(In)definiteness is one of the core linguistic categories, associated with referential properties of nominal expressions and identification of objects. As a semantic-pragmatic category related to human cognition and communication it has been claimed to be universally present in natural language (Cummins 1998; Lyons 1999, among many others). The research and analysis of (in)definiteness and reference is relevant not only for linguistics but also for philosophy, cognitive science, computational linguistics, and communication science.
The expression of (in)definiteness in natural language is traditionally linked to the presence of articles. Nonetheless, around half of world languages do not have articles but apparently can still convey the reference of a nominal expression, albeit by different means (from constituent order and information structure to interaction with other nominal and verbal grammatical categories).

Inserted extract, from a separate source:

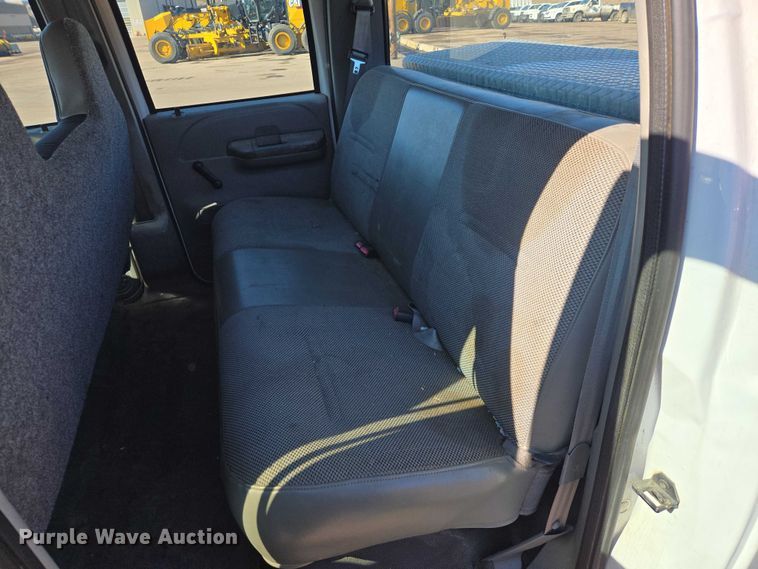 image for item ES2970 2004 Ford F350 Super Duty Crew Cab pickup truck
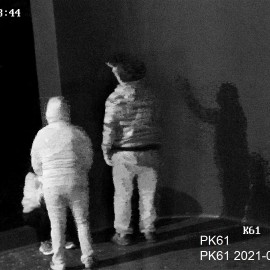 powiększ zdjęcie: Kolejni wandale niszczący muszlę koncertową zatrzymani dzięki monitoringowi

Definite expressions may have different forms (personal pronouns, proper names, demonstratives, NP with a definite article, bare NPs, universally quantified expressions) as well as different flavours. Even though this topic has been extensively investigated, there is no agreement in the semantic literature as to which concepts are needed to capture the meaning of expressions that convey definiteness, both intra- and cross-linguistically. Some of the key concepts are uniqueness (Russell 1905, Strawson 1950, Chierchia 1998, among others) and familiarity (Christophersen 1939, Heim 19829, among others), identifiability (Lyons 1999), but also determinacy (Coppock & Beaver 2015), salience (von Heusinger 1997; Barlew 2014) and maximal informativeness (von Fintel et al. 2014).
Indefinites are often taken as being in the complementary distribution of definite expressions, but some studies try to develop an independent theory of indefiniteness as well (Diesing 1992, Kratzer 1998, Heim 2011, among others).
The goal of this topic seminar is to discuss semantic theories of both definiteness and indefiniteness and analyse relevant semantic and pragmatic phenomena related to them, taking into consideration typologically different languages.